IV – 4 Mon travail dégage donc les premiers résultats d’une recherche fort loin d’être achevée. Celle-ci n’a pas cherché à plaire, et encore moins à se plaire, mais à penser, à savoir et à trouver, car ce qui sonne à la porte de la conjoncture actuelle du soin, c’est un renforcement de la dictature des marchés financiers, l’invasion barbare d’une idéo-techno-logie scientiste et anti-démocratique, négatrice de tout « sujet » et affirmatrice de l’animalité des humains, profondément hostile à toute forme de vie authentique, qu’elle soit humaine, animale ou végétale. De ce point de vue, on peut sans doute soutenir le projet des « nouvelles pensées du care », mais sans valider leur tentative politico-philosophique de sauver le système économique et social extrêmement cruel du soin-monde. Ce système, sans doute inévitable, peut être rendu autrement moins sauvage et barbare, mais à condition, toutefois, de suspendre radicalement la croyance en sa nécessité absolue. Ce suspens peut aider à travailler à un nouveau modèle de civilisation beaucoup plus pauvre en monde, et donc en guerres, en misères, en maladies, en exploitation et en élitisme, et ouvrir à la découverte de nouvelles formes d’existence et d’organisation collectives beaucoup plus justes, saines et épanouissantes pour chacun.

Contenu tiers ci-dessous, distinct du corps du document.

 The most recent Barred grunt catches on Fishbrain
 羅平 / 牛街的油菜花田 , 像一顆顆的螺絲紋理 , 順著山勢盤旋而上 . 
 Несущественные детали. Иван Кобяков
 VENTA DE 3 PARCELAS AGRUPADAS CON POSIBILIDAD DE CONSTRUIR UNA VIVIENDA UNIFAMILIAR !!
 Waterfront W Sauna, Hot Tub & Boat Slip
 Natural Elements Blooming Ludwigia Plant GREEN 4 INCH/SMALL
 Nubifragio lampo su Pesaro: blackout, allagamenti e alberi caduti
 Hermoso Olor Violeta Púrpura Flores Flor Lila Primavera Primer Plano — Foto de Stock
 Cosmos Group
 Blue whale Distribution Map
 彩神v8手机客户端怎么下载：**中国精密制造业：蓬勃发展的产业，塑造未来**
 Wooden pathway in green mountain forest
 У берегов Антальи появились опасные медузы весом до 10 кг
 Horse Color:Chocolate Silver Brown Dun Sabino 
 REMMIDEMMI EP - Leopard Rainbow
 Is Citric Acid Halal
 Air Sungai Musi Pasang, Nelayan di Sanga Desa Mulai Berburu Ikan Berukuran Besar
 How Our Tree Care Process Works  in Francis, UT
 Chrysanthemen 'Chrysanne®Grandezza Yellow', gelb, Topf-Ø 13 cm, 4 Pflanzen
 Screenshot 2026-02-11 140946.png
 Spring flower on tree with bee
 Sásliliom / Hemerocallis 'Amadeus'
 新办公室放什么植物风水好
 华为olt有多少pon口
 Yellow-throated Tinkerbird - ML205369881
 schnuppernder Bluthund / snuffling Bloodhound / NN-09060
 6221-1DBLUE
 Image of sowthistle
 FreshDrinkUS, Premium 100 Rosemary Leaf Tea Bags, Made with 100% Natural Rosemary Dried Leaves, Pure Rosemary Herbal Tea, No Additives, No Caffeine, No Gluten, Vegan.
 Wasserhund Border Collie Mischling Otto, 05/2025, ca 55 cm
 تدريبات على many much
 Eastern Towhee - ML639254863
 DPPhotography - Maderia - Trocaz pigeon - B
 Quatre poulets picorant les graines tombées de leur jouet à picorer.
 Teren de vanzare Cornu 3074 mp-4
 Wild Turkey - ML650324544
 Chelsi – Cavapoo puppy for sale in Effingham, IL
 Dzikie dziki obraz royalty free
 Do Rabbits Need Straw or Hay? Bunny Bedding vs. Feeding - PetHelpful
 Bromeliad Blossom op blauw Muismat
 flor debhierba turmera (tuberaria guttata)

Cette étude qui n’a pas ménagé ses efforts en faveur de la constitution de ce modèle nouveau, que l’on peut dire non-anarchiste ou non-libertaire, constitue une étape exploratoire dont la présentation pourra être améliorée, sachant qu’elle ne demande qu’une chose : ne pas rester celle d’un chercheur isolé. 

Un travail à venir sera plus spécifiquement adressé aux « infirmières » et aux médecins, mais aussi aux patients dont le sort n’a jamais pu être séparé de celui des soignants dits « de base », ainsi qu’à tous ceux qu’il a toujours été trop facile d’injurier dans leur personne et de décourager dans leurs efforts de pensée, en leur reprochant leur « confusion » lorsqu’ils cherchent à dire selon l’Un, plutôt que de s’empâter la langue dans des métaphores douteuses ou dans de subtils  « calembours » et autres « artifices de vocabulaire » (re-Lévi-Strauss), ou bien en leur attribuant un « manque d’intelligence », lorsqu’ils préfèrent se taire, plutôt que de se la voir coincer/couper entre les bornes étriquées et acérées de la raison castratrice des forts en « gymnastique verbale » (Ibid.). Précisément parce que mon travail s’en tient à l’exercice concret, rigoureux et fécond de la théorie, sans avoir recours à des faits empiriques parfois très intimidants, il n’oppose à personne les « faits » et arguments sophistiques qui, « à l’évidence », démentiraient leurs propos. Il montre à chacun le soin et la parole qui font son honneur et sa dignité, tandis qu’il fournit un modèle (de) référence universel pour l’organisation de toutes les activités humaines, notamment politiques, économiques et sociales.

 

Enfin, je pense qu’avec la Force (de) Soin que j’affirme sans la réaffirmation qui l’affaiblit en « pouvoir » ou en « volonté de puissance », chacun peut découvrir que rien n’a jamais pu invalider l’indéniable fonds d’authenticité, de clarté et de véracité de sa personne, car celle-ci ne s’est jamais trompée, ultimement, à propos de l’existence (d’)un soin qui ne l’a jamais abandonnée  et qu’elle n’a jamais entièrement oublié. 

Avec cette Force (de) Soin, unie à la Force (de) Pensée, chacun peut donc montrer avec quelle force d’agir, de connaître, de vivre et d’exister, on peut lutter pour la science, la paix, la justice, la solidarité et la coopération, avec et pour une vie que nul ne peut plus vouer, ouvertement ou pas, à la misère, au sacrifice, au travail forcé et au néant, sans avouer son imposture et son manque majeur de légitimité. Cette Force (de) Soin peut en effet promettre un « avenir », dont ultimement aucune « illusion » n’a jamais pu nous couper, notamment en nous faisant soi-disant « rêver » à un « salut » ou à un soin dont l’existence serait finalement aussi indémontrable que celle de Dieu ou de l’Inconscient, un Dieu vengeur confit en la négation qui lui sert de bréviaire, et qui ne tient sa « providence » que de la violation du cœur le plus tendre et le plus humain de chacun d’entre nous.